Bukan hal yang naif, bukan pula hal yang konyol di dalamnya, persaingan antara suka dan tidak suka itu sebatas menjadi hal yang wajar di dalam suatu ruang lembaga profit "perusahaan". Yang tidak wajar kini adalah mereka yang tidak menghamba pada kekuatan uang, baik dari bisnis, maupun perusahaan.

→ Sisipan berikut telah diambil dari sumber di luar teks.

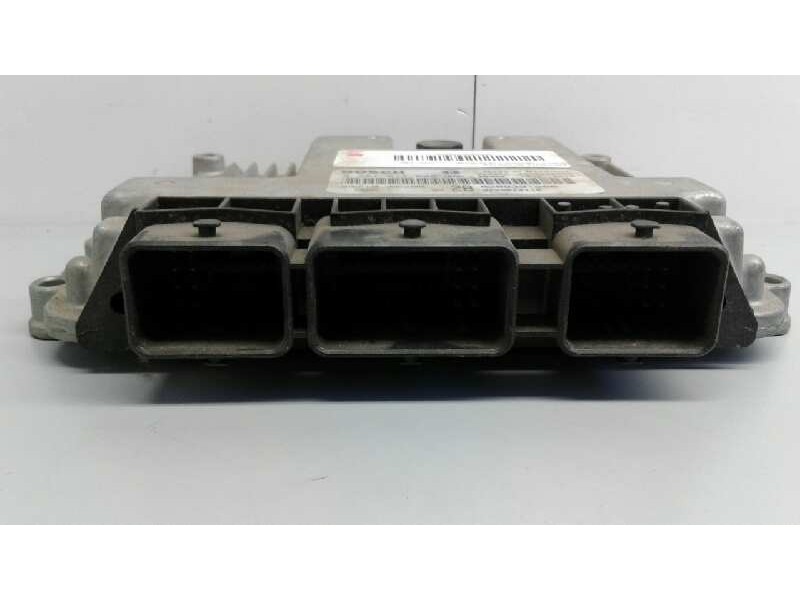 Recambio de centralita motor uce para renault megane ii berlina 3p referencia OEM IAM 0281011648 355 8200391966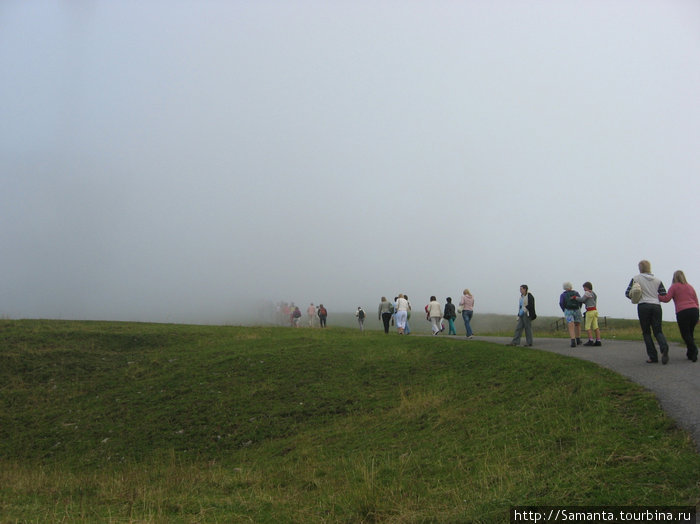 Люди уходят в туман Витцнау, Швейцария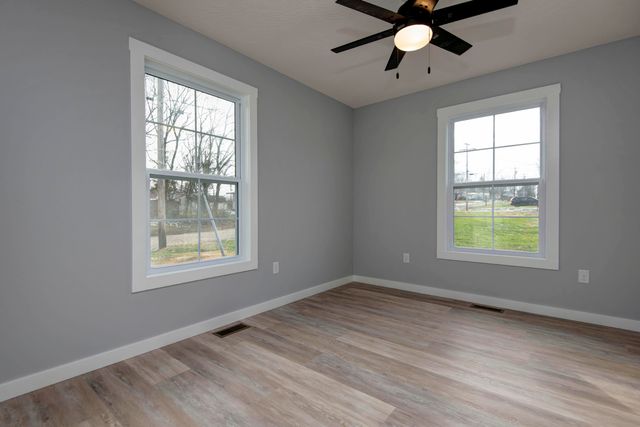 301 W Bedford Street, Marshfield, MO 65706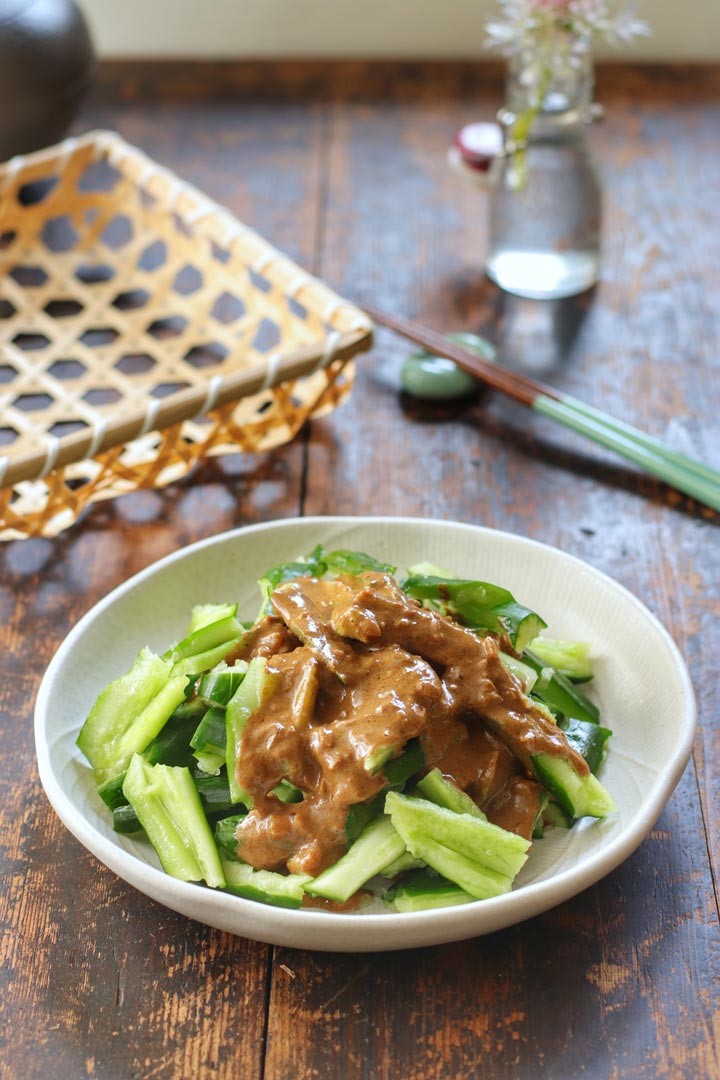 拍黃瓜淋上麻醬，風味濃郁好滋味。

Kenyataan yang tidak dapat disangakal oleh semua, termasuk segala bentuk perniagaan zaman. Kesucian terkadang juga masuk dalam hitung-hitungan itu, dia ingin kesucian karena berharap pada pelarian dunia. Numun apa lah daya hidup ini yang tengah membudaya, mau dilawapun terlihat tidak wajar pada akhirnya. Lari seperti tidak mangkin, menghadapi dengan takut pun bagai pecundang.
Tantangan peradaban, tidak lain ini bentuk tantangan manusia kedepan. Filsuf-filsuf masa depan bukanlah mereka yang kaya, terdidik, dan segala macam bentuk embel-embelnya. Adalah mereka kawula-kawula yang menghamba sebagai lantaran penghidupan kepada modal, merupakan filsuf masa depan terhitung saat ini.
Tidak untuk diduga, tidak juga untuk di duga-duga, jika hegemoni dunia sudah ditentukan kuasanya, tentang ekonomi, politik dan sosial budaya, merupakan setitik perkara zaman. Manusia hanya hidup mengukuti zaman itu, dan suara yang kalah pada akhirnya, merupakan suara kebijaksanaan yang tertinggal sebagai bahan suatu pelajaran di masa depan.
Dan kawula lembaga perusahaan, merekalah yang kini tengah kalah. Bukan kalah pada apa yang di deritanya sebagai "rumusa" penjajahan, tidak! Hanya saja mereka tergoda persaingan, ketakutan, bahkan setangah sadar pembelajaran. Dilingkungan yang penuh dengan problematika itu, fisuf masa depan manusia perenungan lahir dari kawula-kawula perusahaan.